The weather has been ridiculous.
It also can be dangerous, especially for old people. And with August upon us, probably the worst is yet to come.
Last summer more than 1,000 people died in the United States from ailments specifically related to heat. Most of them were over 65. Government statistics stated flatly that "heat stroke rates in persons ages 65 and older were 12 to 13 times the rates in the remainder of the population."
And probably even more older people died from illnesses exacerbated by the heat, but not listed as such.
The National Institue of Aging has issued a special advisory on the weather this year, incorporating new information about the impact of certain disorders and drugs on the body's ability to throw off heat -- the natural way -- by sweating.
And The Medical Letter has issued a warning to runners, joggers and other hot-weather exercisers.
The elderly in general are less able to adjust to extremes of heat or cold.
According to Dr. Robert N. Bulter, director of the National Institute of Aging, "one of the realities as we grow older is that our boides alter in their vulnerability to a variety of things like temperature regulation, all as a consequence of the passage of time."
(He also notes that 65 is anarbitrary age. Change can kick in earlier or later.)
But in addition to the inevitable ravages of time, there are other things which effect the way the body reacts to its environment.
A healthy body will respond to heat by opening the blood vessels near the surface of the skin where it is cooler. This increases blood flow and sweating and thereby lowers body temperature.
In a person with heart and circulatory ailments, this process is impaired, so that the person becomes more susceptible to heat stroke, a potentially lethal situation.
Other factors incresing this vulnerability are:
Diuretics, drugs often prescribed for high blood pressure.
So-called anticholinergic drugs, agents sometimes used in the treatment of Parkinson's disease, for example. Also some anti-depressants, and tranquilizers in the phenothiazine class.
Fever from an infection.
Alcohol. (Cool water is better than cool beer.)
Don't stop taking your medicine, but do take particular precautions. Heat stroke is a total system breakdown, a major medical emergency. Symptoms are: faintness, dizziness, nausea, mental confusion, loss of consciousness, rectal temperature of 104 degrees or more, rapid pulse and flushed skin. Keep the victim cool. Seek immediate medical aid.
Heat exhaustion is less serious immediately, but also requires prompt treatment. It stems from a loss of body fluids and salt.

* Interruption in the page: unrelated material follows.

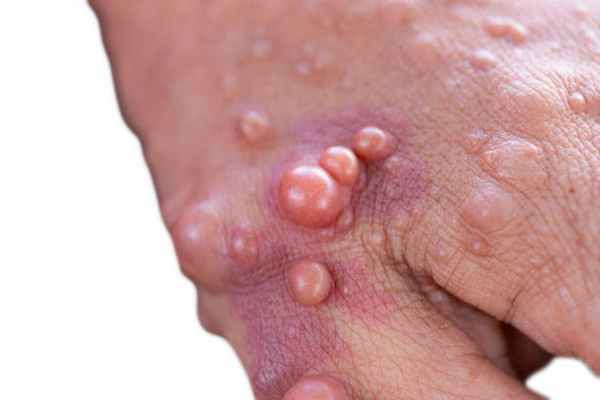 Нейрофиброматоз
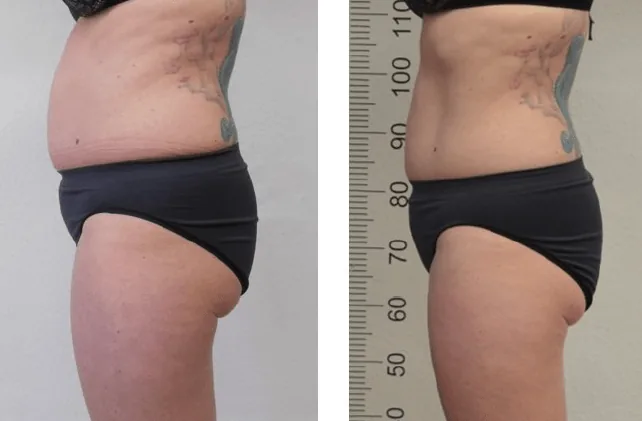 NEW Emerald Laser - Fat Reduction Launch OFFER on Now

Symptoms: weakness, heavy sweating, nausea and light-headedness.
Treat with cool liquids, sponge baths and bed rest.
Overeager athletes also can increse their vulnerability to what is called "heat injury."
Metabolic heat, notes The Health Letter, "increases with running speed or exertion." The hotter the day, the higher the humidity and the faster the pace, the greater the danger. There also seems to be enhanced danger when runners increase their speed, as in a spurt at the end of a race.
Some recommendatins apply to both athletes and elderly people:
Drink somewhat more water or fresh fruit juices than thirst dictates. (The NIA suggests that older people, not on salt or fluid restricted regimes, drink at least a gallon of liquid a day when the outside temperature is above 95 degrees and no air conditioning is available.)
Avoid sugared drinks, alcoholic beverages or beverages high in salt, as in some club sodas.
Do NOT take salt tablets unless a physician specifically approves.
And for the seniors, especially:
Dress in light, loose clothing.
Keep exercise to a minimum.
Don't economize with your air conditioning -- the risk of illness or death is a poor tradeoff for a lower electric bill.
Take frequent cool baths or showers if you have no air conditioning. (Don't forget to remove things like hearing aids first)
Stay our of the sun.
Get a neighbor or friend or relative to check in on you frequently.
Finally, says the NIA, take the heat seriously. It's not just something to complain about, and, on the other hand, says Dr. Butler, "you don't have to die to suffer from heat exhaustion and heat stroke."
"Temperature regulation," mused Butler, "reflects the general aspect of what growing old is all about. . . . Among other things, it demonstrates that one of the needs of research in aging is to study all the factors which make us vulnerable to other things, how age alters the way in which other things affect us, like cancer, or why pain perception and registration differ. It's just one of the fascinating aspects of the pathophysiology of aging which we're just beginning to get a glimpse of."